How to complete this task>
Among these records, which lines include "chain"? Copy them out.

Source records>
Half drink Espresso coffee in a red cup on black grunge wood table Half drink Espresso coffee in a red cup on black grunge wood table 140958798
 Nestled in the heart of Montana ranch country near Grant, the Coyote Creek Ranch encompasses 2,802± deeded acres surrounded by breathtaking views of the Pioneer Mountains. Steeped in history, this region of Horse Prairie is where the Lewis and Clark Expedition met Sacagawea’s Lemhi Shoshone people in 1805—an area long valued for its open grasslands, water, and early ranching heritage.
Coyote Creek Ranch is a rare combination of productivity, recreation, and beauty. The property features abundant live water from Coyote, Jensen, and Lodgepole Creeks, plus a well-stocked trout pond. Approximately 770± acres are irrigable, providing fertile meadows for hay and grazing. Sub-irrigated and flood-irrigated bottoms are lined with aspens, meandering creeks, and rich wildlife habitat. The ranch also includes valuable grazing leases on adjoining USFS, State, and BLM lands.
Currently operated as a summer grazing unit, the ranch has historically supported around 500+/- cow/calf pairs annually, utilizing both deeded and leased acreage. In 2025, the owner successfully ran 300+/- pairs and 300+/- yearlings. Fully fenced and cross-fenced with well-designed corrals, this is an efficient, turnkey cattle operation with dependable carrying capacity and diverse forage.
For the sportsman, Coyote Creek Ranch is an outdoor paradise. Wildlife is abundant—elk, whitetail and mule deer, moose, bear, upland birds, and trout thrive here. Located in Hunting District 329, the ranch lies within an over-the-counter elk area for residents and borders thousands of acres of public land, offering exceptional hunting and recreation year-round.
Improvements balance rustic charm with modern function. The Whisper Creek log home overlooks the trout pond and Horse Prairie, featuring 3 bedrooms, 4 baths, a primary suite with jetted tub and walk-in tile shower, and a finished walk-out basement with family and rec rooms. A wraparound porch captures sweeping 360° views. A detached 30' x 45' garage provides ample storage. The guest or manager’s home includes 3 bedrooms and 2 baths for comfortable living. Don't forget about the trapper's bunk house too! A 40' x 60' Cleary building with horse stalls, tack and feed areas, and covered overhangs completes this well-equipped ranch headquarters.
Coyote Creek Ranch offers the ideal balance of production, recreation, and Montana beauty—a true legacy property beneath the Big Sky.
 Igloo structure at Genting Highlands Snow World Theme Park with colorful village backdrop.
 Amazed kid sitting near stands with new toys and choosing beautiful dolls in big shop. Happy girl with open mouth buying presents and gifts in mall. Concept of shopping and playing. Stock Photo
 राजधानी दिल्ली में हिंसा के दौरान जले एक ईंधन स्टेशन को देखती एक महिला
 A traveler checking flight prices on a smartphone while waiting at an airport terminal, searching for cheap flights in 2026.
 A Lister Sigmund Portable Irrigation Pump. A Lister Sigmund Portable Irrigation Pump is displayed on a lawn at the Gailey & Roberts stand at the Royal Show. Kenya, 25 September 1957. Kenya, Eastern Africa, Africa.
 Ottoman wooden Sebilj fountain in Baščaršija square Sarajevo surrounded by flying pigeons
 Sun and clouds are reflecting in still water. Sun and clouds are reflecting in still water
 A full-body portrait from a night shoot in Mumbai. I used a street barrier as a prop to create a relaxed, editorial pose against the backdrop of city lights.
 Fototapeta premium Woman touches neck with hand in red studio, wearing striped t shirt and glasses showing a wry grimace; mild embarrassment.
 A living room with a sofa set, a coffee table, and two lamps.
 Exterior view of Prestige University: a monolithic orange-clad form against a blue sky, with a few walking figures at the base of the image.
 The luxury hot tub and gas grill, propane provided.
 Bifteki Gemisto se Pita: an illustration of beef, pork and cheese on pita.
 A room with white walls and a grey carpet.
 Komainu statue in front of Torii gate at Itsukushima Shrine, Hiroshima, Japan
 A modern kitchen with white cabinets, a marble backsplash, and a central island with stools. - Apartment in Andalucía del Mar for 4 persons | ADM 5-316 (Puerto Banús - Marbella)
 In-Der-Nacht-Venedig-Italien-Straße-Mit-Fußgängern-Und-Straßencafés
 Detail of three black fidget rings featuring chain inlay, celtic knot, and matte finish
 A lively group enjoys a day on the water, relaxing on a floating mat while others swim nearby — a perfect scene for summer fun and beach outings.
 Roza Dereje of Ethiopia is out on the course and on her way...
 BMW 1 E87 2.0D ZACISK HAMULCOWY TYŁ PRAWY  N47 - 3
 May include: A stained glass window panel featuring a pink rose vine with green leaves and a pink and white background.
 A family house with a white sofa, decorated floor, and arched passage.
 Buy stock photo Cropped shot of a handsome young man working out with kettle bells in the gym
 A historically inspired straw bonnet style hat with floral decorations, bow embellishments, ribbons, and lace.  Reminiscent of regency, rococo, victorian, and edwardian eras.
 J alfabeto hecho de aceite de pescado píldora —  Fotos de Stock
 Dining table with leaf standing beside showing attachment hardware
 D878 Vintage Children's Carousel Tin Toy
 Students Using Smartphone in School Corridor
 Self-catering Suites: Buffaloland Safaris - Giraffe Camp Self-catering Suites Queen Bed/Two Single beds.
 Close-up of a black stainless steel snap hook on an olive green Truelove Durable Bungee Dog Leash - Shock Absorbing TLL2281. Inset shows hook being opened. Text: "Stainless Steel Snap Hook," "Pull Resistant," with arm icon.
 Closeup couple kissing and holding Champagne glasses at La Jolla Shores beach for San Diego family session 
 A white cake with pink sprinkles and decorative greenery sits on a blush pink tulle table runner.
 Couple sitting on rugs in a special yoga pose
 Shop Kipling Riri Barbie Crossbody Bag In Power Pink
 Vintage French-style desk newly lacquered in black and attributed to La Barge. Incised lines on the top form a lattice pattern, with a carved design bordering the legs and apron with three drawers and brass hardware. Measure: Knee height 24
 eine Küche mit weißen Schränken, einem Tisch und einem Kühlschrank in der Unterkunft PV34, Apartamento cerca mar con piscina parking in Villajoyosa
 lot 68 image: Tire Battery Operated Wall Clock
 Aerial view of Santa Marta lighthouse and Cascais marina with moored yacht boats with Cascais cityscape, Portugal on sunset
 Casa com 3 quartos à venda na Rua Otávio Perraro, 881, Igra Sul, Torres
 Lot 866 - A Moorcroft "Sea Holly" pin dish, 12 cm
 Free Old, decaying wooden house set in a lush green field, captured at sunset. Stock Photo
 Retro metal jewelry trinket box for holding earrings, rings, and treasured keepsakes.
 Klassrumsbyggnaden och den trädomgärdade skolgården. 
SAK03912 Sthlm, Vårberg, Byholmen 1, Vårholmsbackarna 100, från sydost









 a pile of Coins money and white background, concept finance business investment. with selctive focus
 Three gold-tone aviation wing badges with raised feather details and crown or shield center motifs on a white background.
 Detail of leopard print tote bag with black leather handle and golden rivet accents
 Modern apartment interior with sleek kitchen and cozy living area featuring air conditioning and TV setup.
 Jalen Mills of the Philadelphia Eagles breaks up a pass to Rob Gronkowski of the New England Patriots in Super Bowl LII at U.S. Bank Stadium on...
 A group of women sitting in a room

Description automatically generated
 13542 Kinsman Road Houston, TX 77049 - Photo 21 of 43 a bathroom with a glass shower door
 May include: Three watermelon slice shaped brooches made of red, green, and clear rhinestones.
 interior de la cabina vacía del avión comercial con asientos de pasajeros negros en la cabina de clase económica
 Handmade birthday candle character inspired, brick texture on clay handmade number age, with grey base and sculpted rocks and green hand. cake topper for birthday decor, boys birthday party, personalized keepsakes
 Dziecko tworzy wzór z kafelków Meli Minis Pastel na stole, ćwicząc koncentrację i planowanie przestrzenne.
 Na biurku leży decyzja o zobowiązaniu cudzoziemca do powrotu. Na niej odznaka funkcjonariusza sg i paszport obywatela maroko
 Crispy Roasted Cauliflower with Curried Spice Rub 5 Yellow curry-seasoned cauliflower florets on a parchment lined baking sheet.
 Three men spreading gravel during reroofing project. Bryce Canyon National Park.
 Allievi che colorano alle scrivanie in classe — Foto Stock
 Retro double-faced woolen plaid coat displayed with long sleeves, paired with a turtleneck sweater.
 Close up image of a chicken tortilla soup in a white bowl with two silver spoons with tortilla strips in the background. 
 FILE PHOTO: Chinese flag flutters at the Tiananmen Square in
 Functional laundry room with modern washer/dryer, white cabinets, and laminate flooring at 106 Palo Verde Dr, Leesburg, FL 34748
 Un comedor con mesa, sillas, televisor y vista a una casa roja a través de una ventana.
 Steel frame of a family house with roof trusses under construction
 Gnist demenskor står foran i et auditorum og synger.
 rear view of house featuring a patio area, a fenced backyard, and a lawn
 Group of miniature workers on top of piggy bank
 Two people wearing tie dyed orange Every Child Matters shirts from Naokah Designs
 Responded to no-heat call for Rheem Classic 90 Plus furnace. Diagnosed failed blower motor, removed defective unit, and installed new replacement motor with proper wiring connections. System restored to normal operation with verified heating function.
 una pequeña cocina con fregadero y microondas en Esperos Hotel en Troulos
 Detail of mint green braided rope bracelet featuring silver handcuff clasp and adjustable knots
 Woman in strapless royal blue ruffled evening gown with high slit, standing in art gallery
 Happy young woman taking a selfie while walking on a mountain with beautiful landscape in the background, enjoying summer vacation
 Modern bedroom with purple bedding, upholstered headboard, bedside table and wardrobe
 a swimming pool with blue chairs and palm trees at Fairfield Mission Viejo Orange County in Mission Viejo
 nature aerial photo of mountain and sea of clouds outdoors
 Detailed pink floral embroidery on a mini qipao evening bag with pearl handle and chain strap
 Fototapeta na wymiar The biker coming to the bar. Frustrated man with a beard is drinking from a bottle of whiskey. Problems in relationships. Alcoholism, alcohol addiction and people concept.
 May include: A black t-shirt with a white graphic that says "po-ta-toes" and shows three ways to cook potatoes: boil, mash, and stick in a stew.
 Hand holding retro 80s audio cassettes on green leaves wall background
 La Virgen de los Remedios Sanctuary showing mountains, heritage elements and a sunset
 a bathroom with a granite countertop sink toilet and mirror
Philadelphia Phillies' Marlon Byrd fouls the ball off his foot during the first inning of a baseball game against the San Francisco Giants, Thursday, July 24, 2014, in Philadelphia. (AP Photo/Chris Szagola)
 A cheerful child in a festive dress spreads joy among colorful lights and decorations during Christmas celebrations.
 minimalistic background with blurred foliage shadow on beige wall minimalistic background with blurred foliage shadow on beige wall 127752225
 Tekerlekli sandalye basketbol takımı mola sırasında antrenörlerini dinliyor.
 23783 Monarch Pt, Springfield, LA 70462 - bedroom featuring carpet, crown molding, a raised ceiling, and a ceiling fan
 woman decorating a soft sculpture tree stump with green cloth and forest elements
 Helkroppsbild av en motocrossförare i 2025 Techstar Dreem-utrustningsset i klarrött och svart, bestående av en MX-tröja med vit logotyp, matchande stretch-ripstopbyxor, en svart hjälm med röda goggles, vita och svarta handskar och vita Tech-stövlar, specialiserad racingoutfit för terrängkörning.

Response to the task>
 Detail of three black fidget rings featuring chain inlay, celtic knot, and matte finish
 Detailed pink floral embroidery on a mini qipao evening bag with pearl handle and chain strap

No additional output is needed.